The doddering doorman of House Perdixis let me in; I was expected, it seemed, so the note must have been written with Camba’s knowledge. I waited in her dim, faded atrium, where a cracked fountain trickled. An allegorical statue of Commerce gazed sternly into the pool; she was green in all her nooks and crannies. Camba, long-necked and stately, came out to meet me, kissed me solemnly upon both cheeks, and made me remove my shoes. Behind her, a petite white-haired woman, elegantly dressed, lingered in the doorway, watching me with crow-like eyes.

“My mother, Amalia Perdixis Lita,” said Camba, gesturing graciously.

I was rifling through my memory, trying to recollect the proper way a foreigner should greet a woman who outranks her in age, class, and sheer Porphyrian-ness, when Camba’s mother did the surprising. She approached and kissed my cheeks, then grabbed my head and planted a larger kiss on my brow. I’m sure I looked flabbergasted; her face crinkled into a smile.

“Camba tells me you’re the one who spoke to her on the mountainside that terrible day,” said the old woman in Porphyrian. “She thought she’d ruined the reputation of House Perdixis with that poisonous glassware, but you persuaded her to come back and face her brothers. As her mother, I must thank you for that.”

I blinked, thinking my Porphyrian had failed me.

Camba took my arm and led me away, saying, “We’ll be in the garden, Mother.”

She took me up a dim corridor. “Poisonous glassware?” I asked in Goreddi.

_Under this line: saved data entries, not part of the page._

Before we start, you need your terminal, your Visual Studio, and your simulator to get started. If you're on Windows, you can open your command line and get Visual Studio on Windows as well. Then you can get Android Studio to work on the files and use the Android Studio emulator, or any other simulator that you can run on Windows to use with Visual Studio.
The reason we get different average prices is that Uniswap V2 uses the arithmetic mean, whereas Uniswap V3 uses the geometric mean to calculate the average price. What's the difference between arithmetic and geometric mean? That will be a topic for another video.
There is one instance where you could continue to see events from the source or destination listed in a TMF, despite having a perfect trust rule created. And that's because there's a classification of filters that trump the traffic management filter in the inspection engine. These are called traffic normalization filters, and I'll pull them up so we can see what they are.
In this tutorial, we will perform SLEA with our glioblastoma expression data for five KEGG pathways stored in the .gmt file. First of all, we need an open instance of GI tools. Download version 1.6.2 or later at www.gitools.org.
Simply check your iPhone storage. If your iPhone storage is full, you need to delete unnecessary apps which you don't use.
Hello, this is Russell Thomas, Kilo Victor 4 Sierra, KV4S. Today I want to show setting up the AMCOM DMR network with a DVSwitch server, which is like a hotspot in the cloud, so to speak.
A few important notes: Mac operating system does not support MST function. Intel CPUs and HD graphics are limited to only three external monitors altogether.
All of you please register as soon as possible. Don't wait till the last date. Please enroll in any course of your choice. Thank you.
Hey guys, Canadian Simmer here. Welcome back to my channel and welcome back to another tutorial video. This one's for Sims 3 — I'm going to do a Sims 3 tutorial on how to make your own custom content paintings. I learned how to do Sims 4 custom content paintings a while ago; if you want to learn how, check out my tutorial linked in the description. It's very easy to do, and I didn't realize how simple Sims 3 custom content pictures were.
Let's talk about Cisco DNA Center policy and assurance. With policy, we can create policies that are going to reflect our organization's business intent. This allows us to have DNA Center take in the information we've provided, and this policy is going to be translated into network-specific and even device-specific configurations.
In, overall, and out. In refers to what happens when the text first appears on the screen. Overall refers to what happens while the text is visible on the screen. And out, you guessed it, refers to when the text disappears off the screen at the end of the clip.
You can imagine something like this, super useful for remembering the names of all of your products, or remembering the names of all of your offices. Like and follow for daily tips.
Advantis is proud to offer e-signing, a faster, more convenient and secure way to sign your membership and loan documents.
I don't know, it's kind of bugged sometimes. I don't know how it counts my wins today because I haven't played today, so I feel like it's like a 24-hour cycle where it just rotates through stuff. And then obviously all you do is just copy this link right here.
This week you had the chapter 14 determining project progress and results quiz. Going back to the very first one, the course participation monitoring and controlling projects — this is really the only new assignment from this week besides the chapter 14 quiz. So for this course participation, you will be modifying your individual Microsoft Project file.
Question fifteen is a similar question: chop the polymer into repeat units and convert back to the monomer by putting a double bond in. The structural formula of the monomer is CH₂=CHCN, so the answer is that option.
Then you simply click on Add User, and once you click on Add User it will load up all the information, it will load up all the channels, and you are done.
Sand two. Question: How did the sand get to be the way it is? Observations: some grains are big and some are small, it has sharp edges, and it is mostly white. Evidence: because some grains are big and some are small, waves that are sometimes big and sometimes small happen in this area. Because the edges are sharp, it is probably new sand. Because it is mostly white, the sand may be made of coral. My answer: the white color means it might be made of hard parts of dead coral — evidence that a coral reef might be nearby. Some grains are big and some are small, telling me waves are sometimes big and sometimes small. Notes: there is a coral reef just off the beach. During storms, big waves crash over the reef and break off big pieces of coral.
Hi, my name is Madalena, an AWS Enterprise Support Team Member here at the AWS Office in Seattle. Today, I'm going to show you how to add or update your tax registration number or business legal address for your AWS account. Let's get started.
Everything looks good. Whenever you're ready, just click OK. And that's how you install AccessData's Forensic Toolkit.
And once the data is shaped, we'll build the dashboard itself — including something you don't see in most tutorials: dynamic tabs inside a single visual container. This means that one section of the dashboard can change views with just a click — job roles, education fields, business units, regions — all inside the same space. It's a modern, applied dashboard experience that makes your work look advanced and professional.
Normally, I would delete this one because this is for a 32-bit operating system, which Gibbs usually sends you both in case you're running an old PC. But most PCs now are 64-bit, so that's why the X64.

Camba averted her eyes. “I imported it from Ziziba, my first solo business deal. It came extremely cheap; I never questioned why. We later learned it was coated with an iridescent glaze, pretty to look at but easily dissolved by liquids. A baby died.”

That was why she’d wanted to kill herself. I’d assumed it was shame at being half dragon. I’d revised my guess after learning she’d misgendered herself, but that had also been wrong.

A single action could derive from many motivations. I should never assume.

We passed through a book-lined study, where two boys about Abdo’s age worked complicated geometry problems. “Mestor, Paulos,” said Camba, pausing to glance at their work. “Finish Eudema’s theorem, and then you’re dismissed.”

“Yes, Aunt Camba,” they droned.

“I leave the import business to my elder brothers these days,” said Camba as we quit the room. She smiled shyly. “Now I tutor my nephews in mathematics and study with Paulos Pende.”


We emerged into a manicured garden, a tidy square of lawn bordered by dark cedars and flanked by two long rectangular pools. A linen sunshade billowed gently in the breeze, and underneath it half a dozen people sat in wrought-iron chairs. It took a moment for my eyes to readjust to the sunlight and recognize Ingar, Phloxia the lawyer, winged Miserere, harbor-singing Newt, and the smiling twins.

“Phloxia found a loophole,” said Camba beside me, her voice quiet and low, “and we can’t be charged with impiety if we didn’t know you were coming.”

“You invited me!” I cried, astonished.

Her eyes twinkled deviously. “Indeed, I did not. My nephews took dictation to practice their Goreddi. It was never meant to be sent. Clearly, Chakhon’s chancy hand was in it, to a degree even Pende couldn’t dispute. By merciful Necessity, goddess of guests, we welcome you.”